What then shall we say was gained by Abraham, our forefather according to the flesh? 2For if Abraham was justified by works, he has something to boast about, but not before God. 3For what does the Scripture say? “Abraham believed God, and it was counted to him as righteousness.” 4Now to the one who works, his wages are not counted as a gift but as his due. 5And to the one who does not work but trusts him who justifies the ungodly, his faith is counted as righteousness, 6just as David also speaks of the blessing of the one to whom God counts righteousness apart from works:
7″Blessed are those whose lawless deeds are forgiven,
and whose sins are covered;
8blessed is the man against whom the Lord will not count his sin.”

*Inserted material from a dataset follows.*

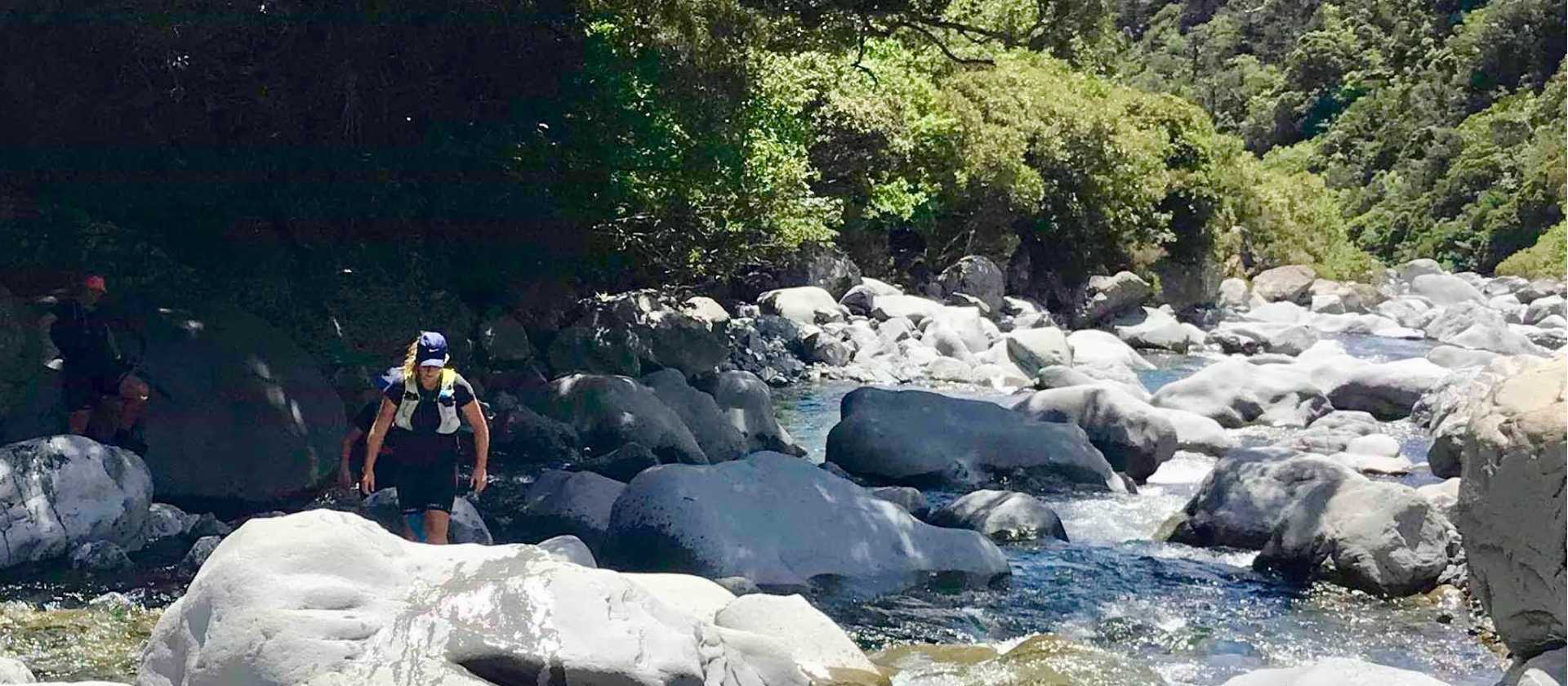 Climbing over boulders in Goat Pass, NZ | Lisa Jones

9Is this blessing then only for the circumcised, or also for the uncircumcised? We say that faith was counted to Abraham as righteousness. 10How then was it counted to him? Was it before or after he had been circumcised? It was not after, but before he was circumcised. 11He received the sign of circumcision as a seal of the righteousness that he had by faith while he was still uncircumcised. The purpose was to make him the father of all who believe without being circumcised, so that righteousness would be counted to them as well, 12and to make him the father of the circumcised who are not merely circumcised but who also walk in the footsteps of the faith that our father Abraham had before he was circumcised.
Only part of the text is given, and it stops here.